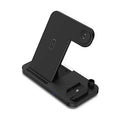 Black four-in-one wireless charging pad for mobile phones with included QC3.0 charging head.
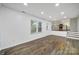 Bright living room area with hardwood floors and open access to the kitchen at 8514 Timber Crest Cir, Charlotte, NC 28226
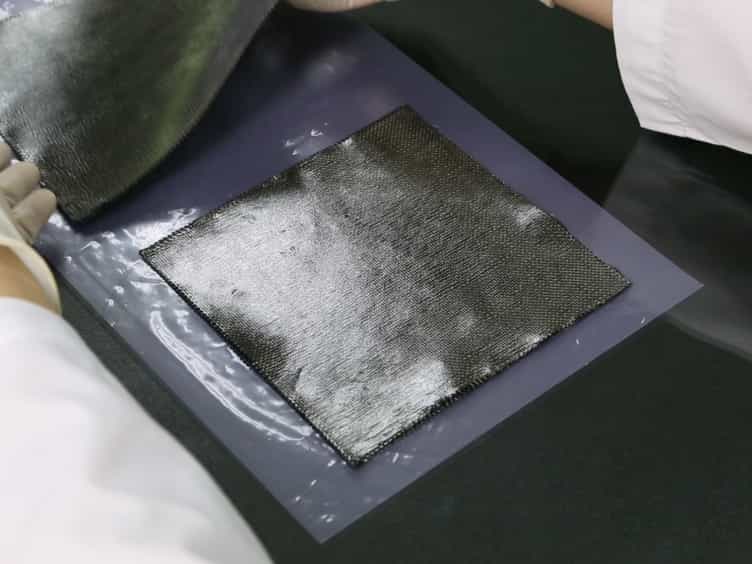 Experimental Implementation of a New Composite Fabrication Method: Exposing Bare Fibers on the Composite Surface by the Soft Layer Method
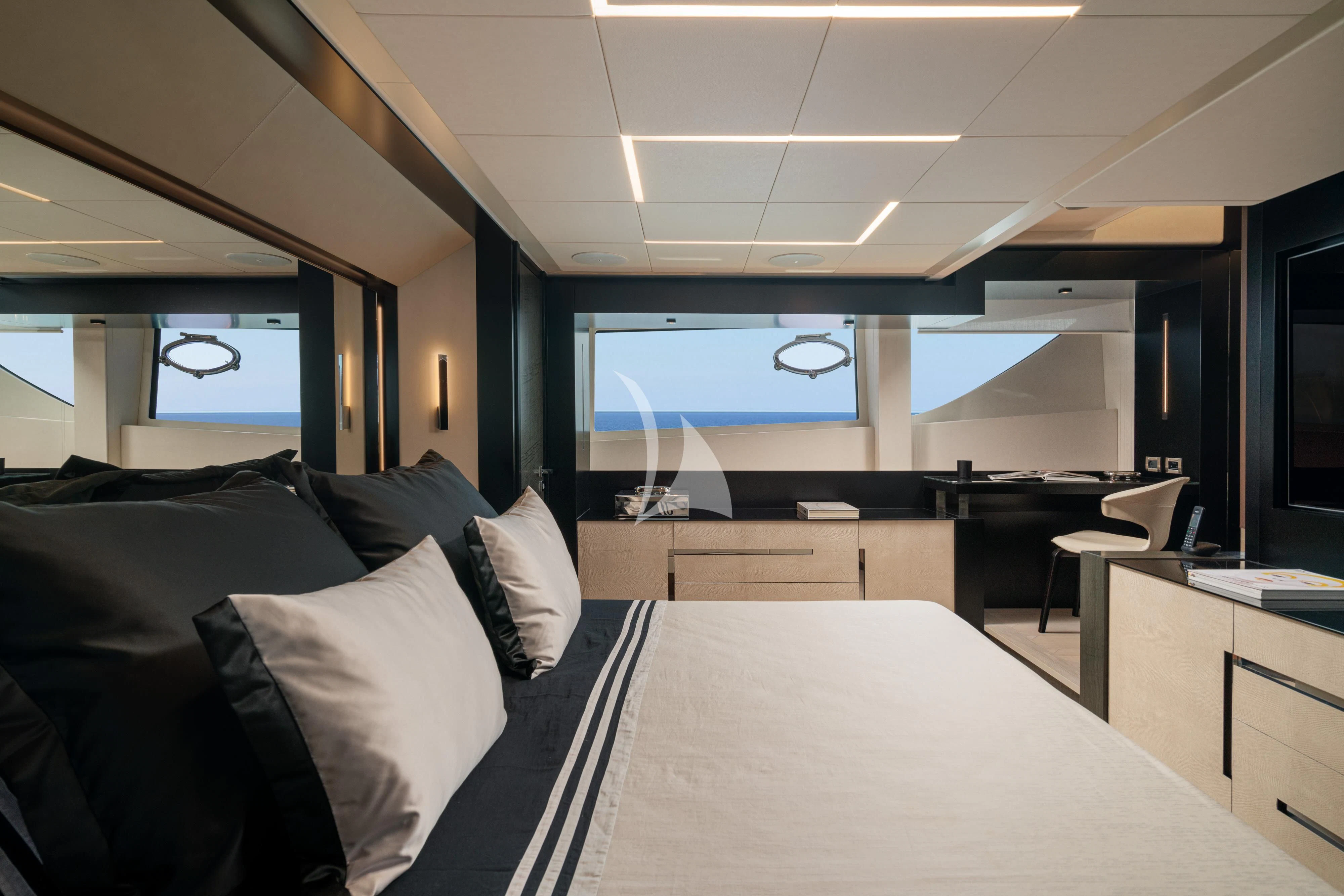 a room with a large bed and a large screen aboard SOPHIA Yacht for Sale
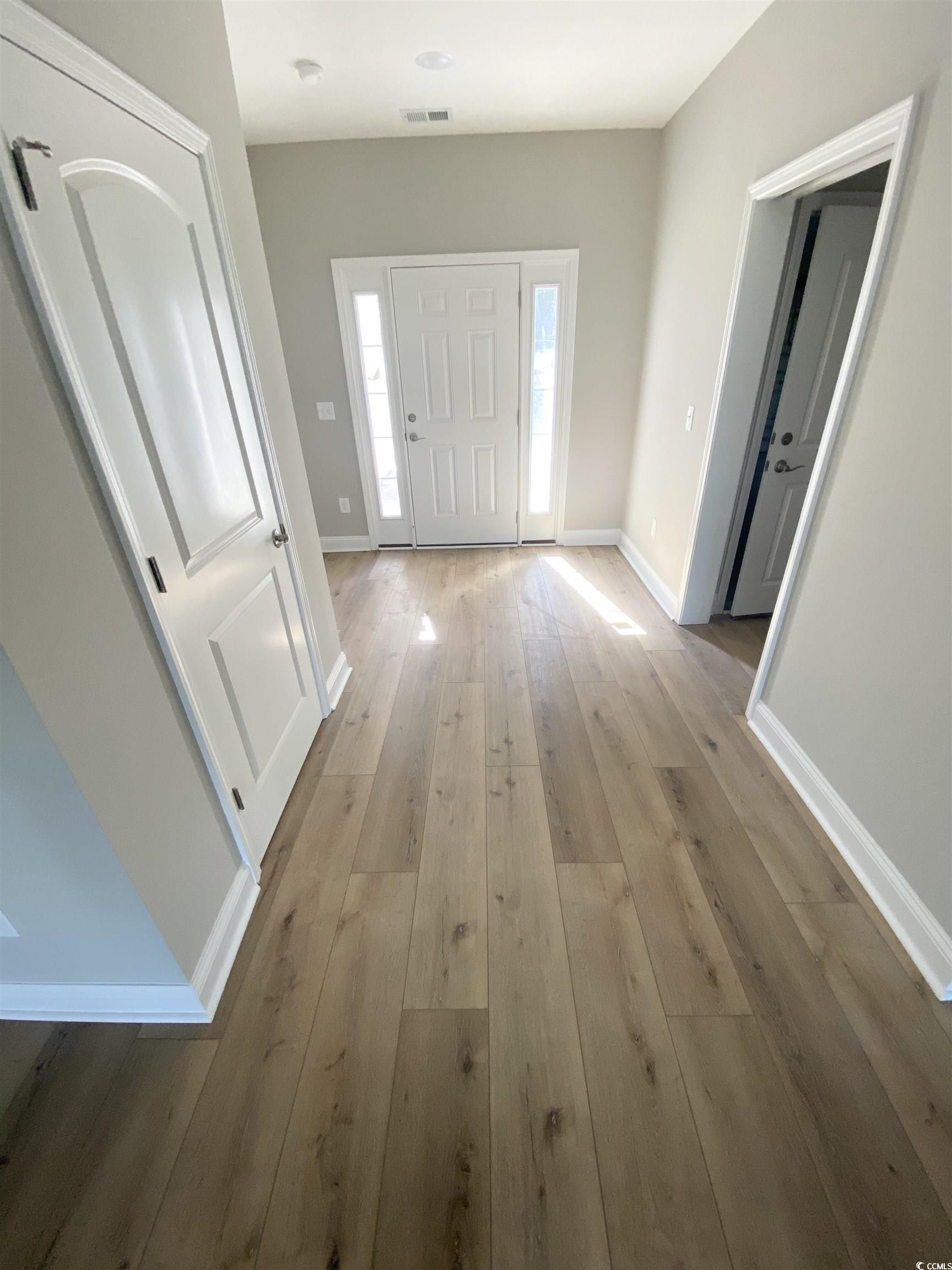 348 Jay Street Murrells Inlet, SC 29576 - Photo 14 of 29 Entrance foyer featuring light hardwood / wood-sty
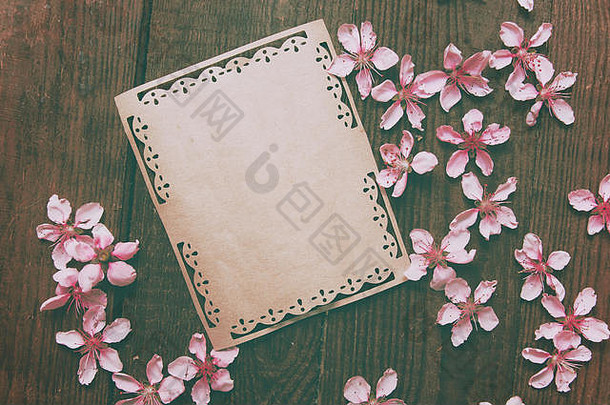 注意，明信片，在木制复古桌子上写着复古桃花，桌子背景上写着桃花。春天粉红色的花。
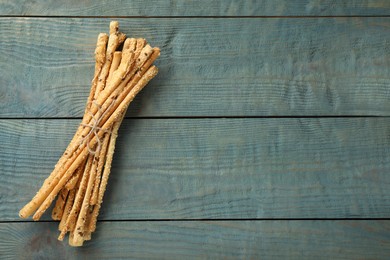 Photo of Delicious grissini sticks on wooden table, top view. Space for text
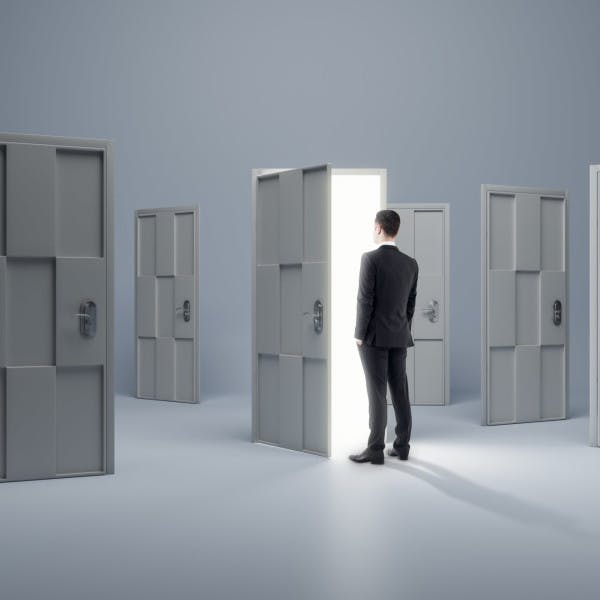 A businessman looks through an open door in a room full of doors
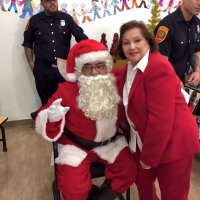 12/18/18 - Los Bomberos Firefighters with Santa at Mission Education Center - Lion Zenaida Lawhon takes a quick pose with Santa between classes.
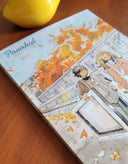 Illustration book titled 'Panakid' on a wooden surface with a yellow object in the corner.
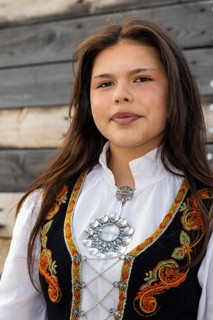 Young woman in traditional traditional costume at the reception for King Harald at the end of coal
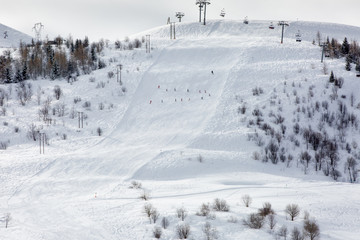 Obraz premium Slope of the Alps in France with a group of school mountain-skiers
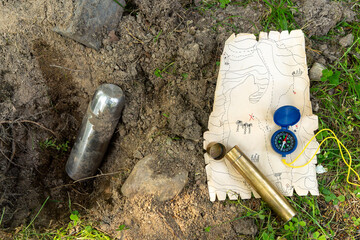 A time capsule in the ground.Find a pirate treasure with a child.A treasure map on a quest.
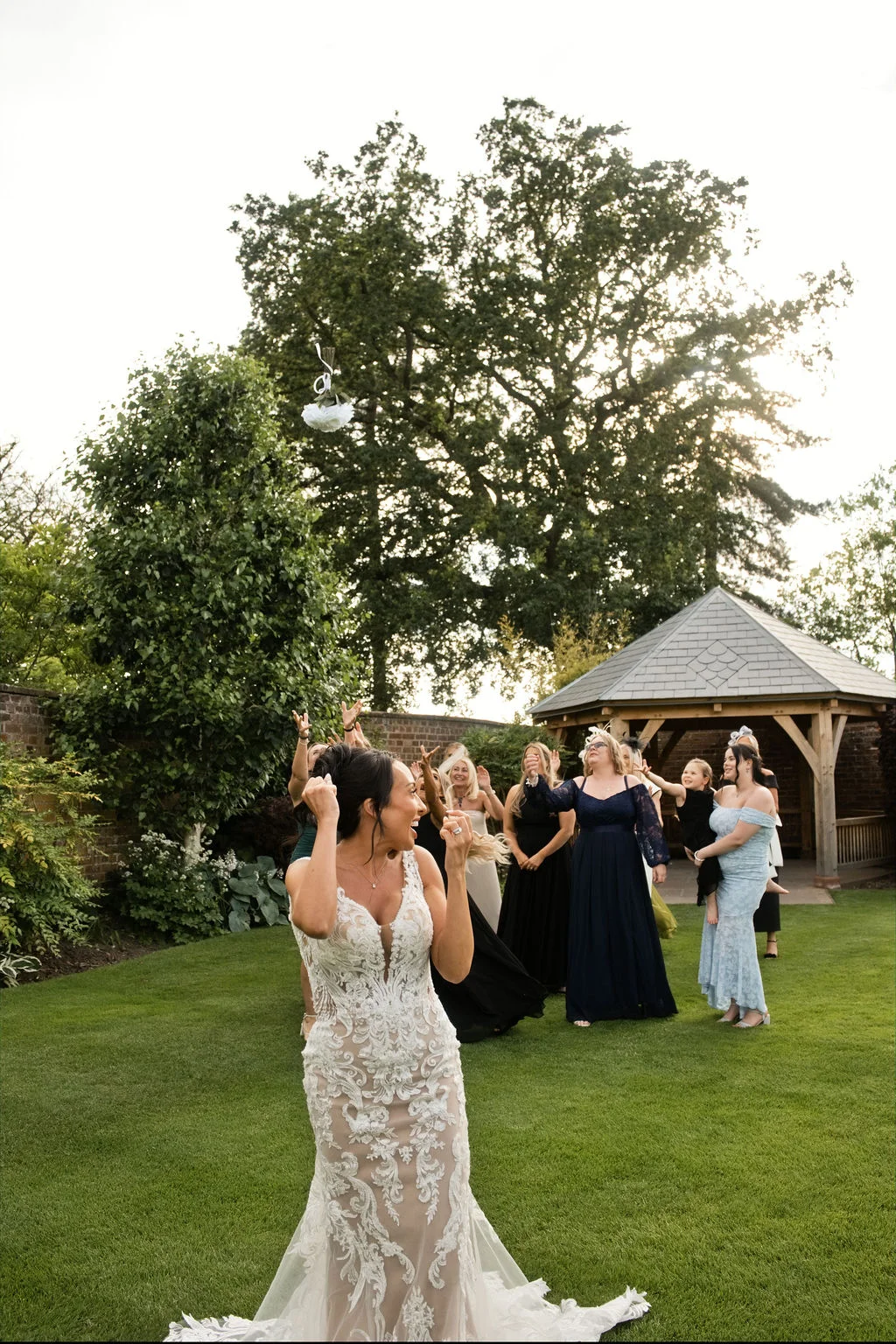 A joyful bride excitedly tosses her bouquet backwards over her shoulder in a lush garden setting while her bridesmaids watch and reach out eagerly.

▶ **Task item**:
The required output is every line of the data above, set down exactly and stripped of pictures.

▶ **Result below**:
 Black four-in-one wireless charging pad for mobile phones with included QC3.0 charging head.
 Bright living room area with hardwood floors and open access to the kitchen at 8514 Timber Crest Cir, Charlotte, NC 28226
 Experimental Implementation of a New Composite Fabrication Method: Exposing Bare Fibers on the Composite Surface by the Soft Layer Method
 a room with a large bed and a large screen aboard SOPHIA Yacht for Sale
 348 Jay Street Murrells Inlet, SC 29576 - Photo 14 of 29 Entrance foyer featuring light hardwood / wood-sty
 注意，明信片，在木制复古桌子上写着复古桃花，桌子背景上写着桃花。春天粉红色的花。
 Photo of Delicious grissini sticks on wooden table, top view. Space for text
 A businessman looks through an open door in a room full of doors
 12/18/18 - Los Bomberos Firefighters with Santa at Mission Education Center - Lion Zenaida Lawhon takes a quick pose with Santa between classes.
 Illustration book titled 'Panakid' on a wooden surface with a yellow object in the corner.
 Young woman in traditional traditional costume at the reception for King Harald at the end of coal
 Obraz premium Slope of the Alps in France with a group of school mountain-skiers
 A time capsule in the ground.Find a pirate treasure with a child.A treasure map on a quest.
 A joyful bride excitedly tosses her bouquet backwards over her shoulder in a lush garden setting while her bridesmaids watch and reach out eagerly.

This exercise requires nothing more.